START Supplied information

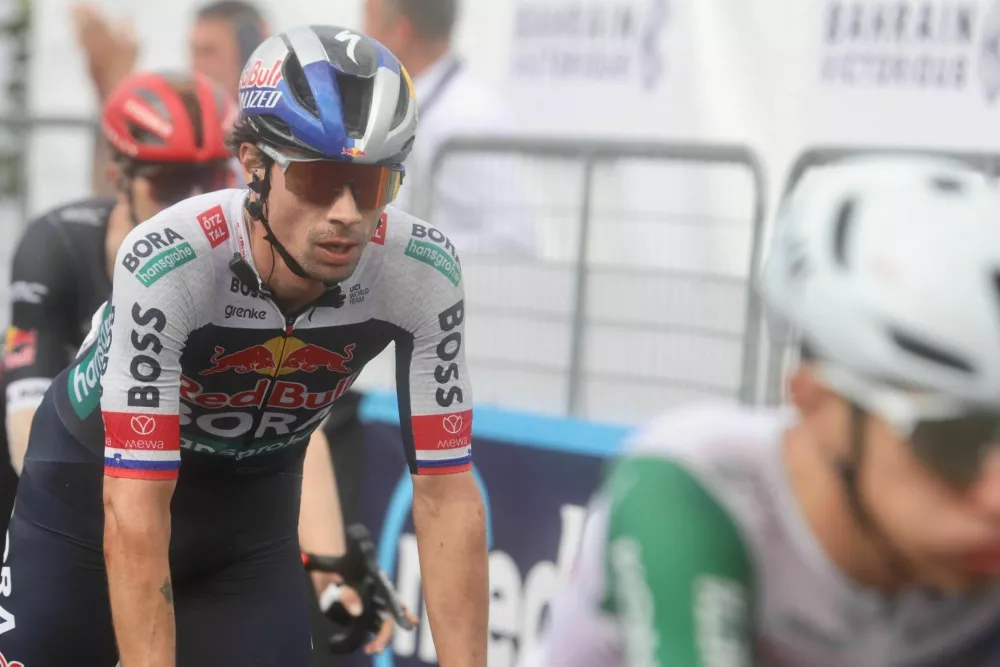 Primož Roglič / Foto: Jaka Gasar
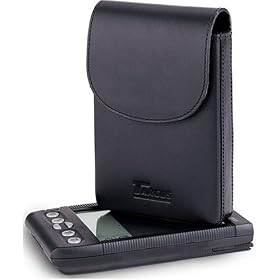Targus CH045 PDA/Handheld Leather Belt Case - Black (Leather)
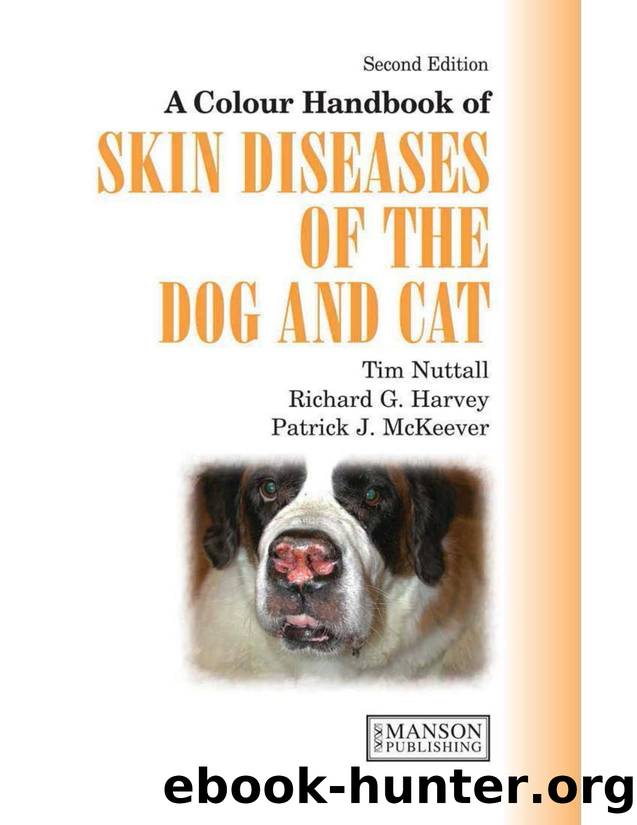 A Colour Handbook of Skin diseases of the dog and cat.PDF by Russell White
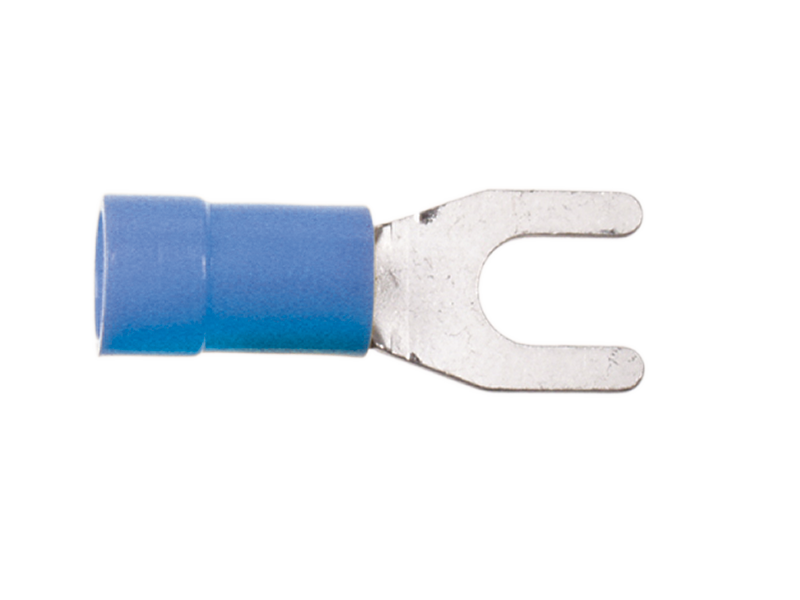 ACV, Haarukkaliitin Sininen 4,3mm / 100 kpl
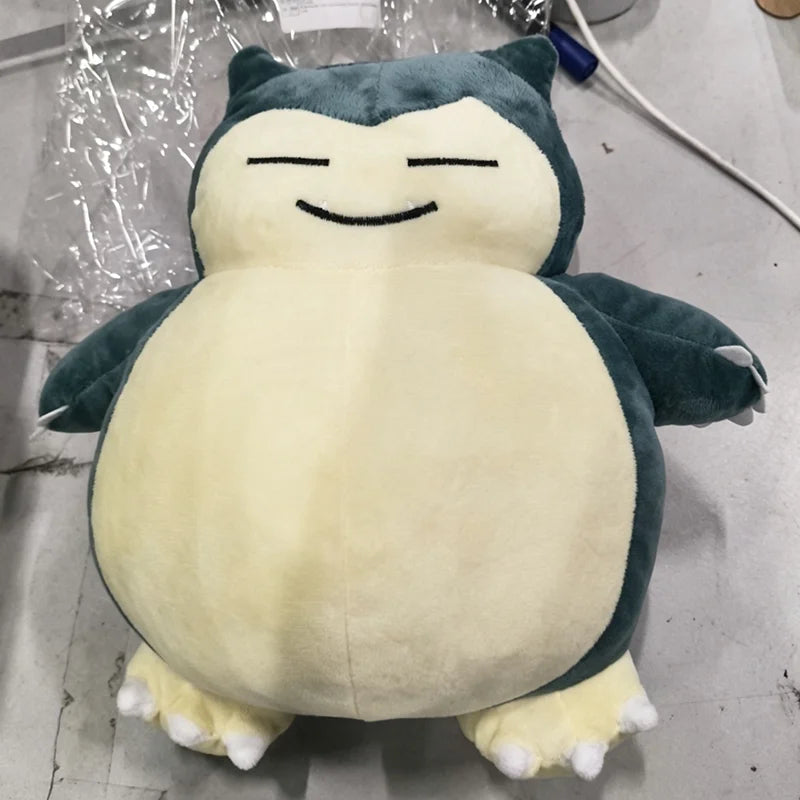 30cm/50cm Snorlax Doll Pokemon Cartoon Stuffed Plush Toy Anime Movie Pocket Monster Soft Animal Game Doll For Christmas Gift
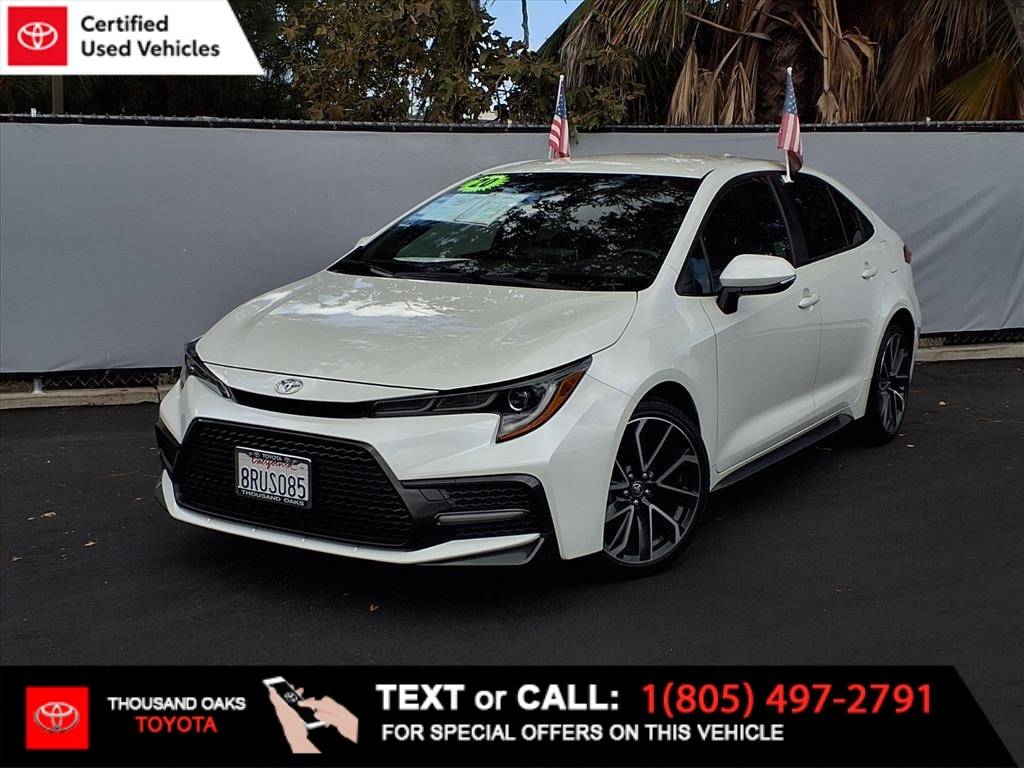 2020 Toyota Corolla SE — Sedan — 42,074 mi — Thousand Oaks, CA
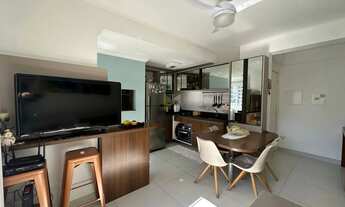 Imagem 4: Apartamento 2 dormitórios mobiliado com vista liberada no Navegantes - Capão da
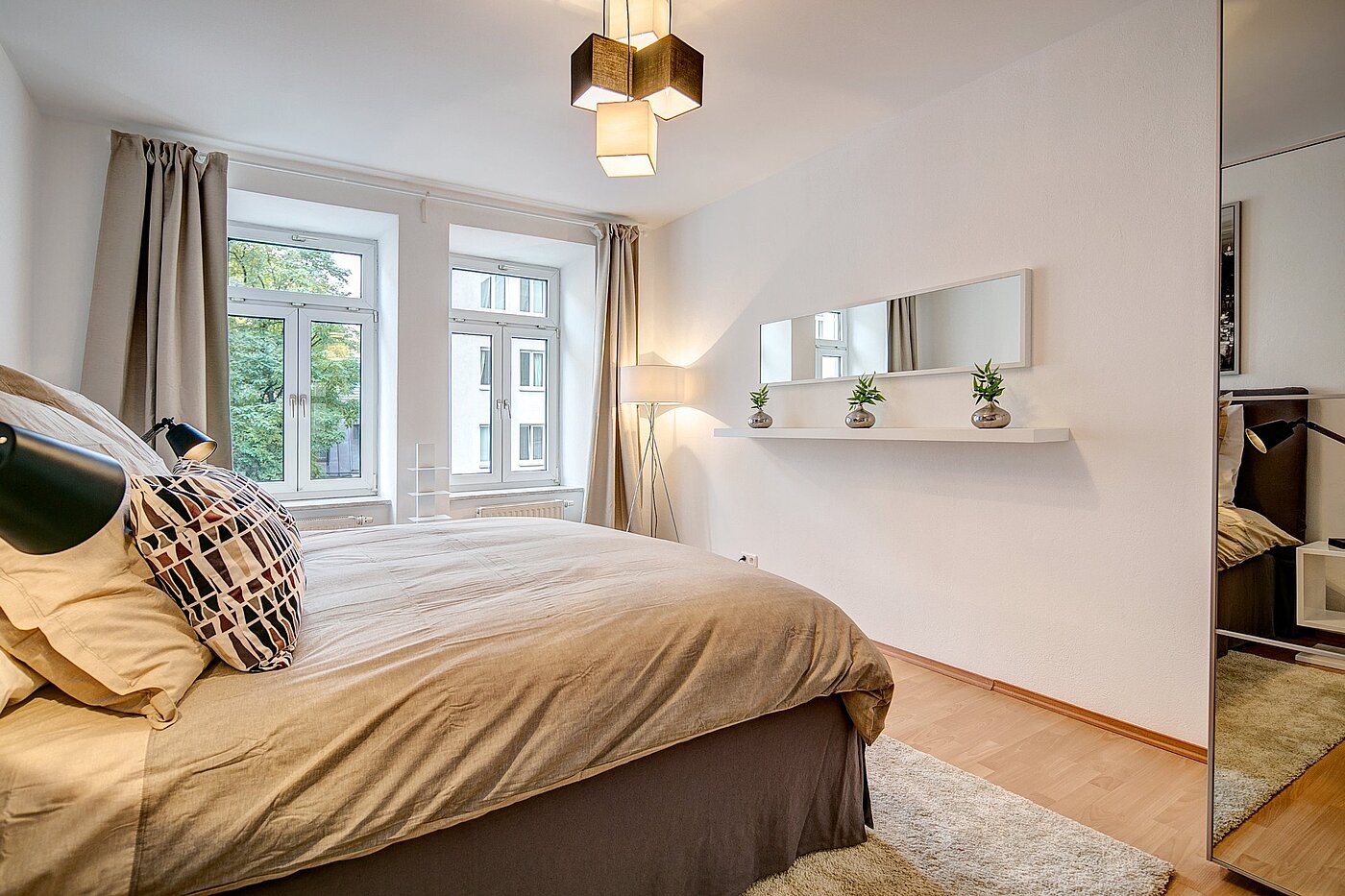 Appartement avec 4 pièces | München-Maxvorstadt | 2011ML2 | ...zum Innenhof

END Supplied information

_Work to be completed_: Pictures are to be left out. Otherwise, copy the material above exactly.

_Completed task_:
 Primož Roglič / Foto: Jaka Gasar
Targus CH045 PDA/Handheld Leather Belt Case - Black (Leather)
 A Colour Handbook of Skin diseases of the dog and cat.PDF by Russell White
 ACV, Haarukkaliitin Sininen 4,3mm / 100 kpl
 30cm/50cm Snorlax Doll Pokemon Cartoon Stuffed Plush Toy Anime Movie Pocket Monster Soft Animal Game Doll For Christmas Gift
 2020 Toyota Corolla SE — Sedan — 42,074 mi — Thousand Oaks, CA
 Imagem 4: Apartamento 2 dormitórios mobiliado com vista liberada no Navegantes - Capão da
 Appartement avec 4 pièces | München-Maxvorstadt | 2011ML2 | ...zum Innenhof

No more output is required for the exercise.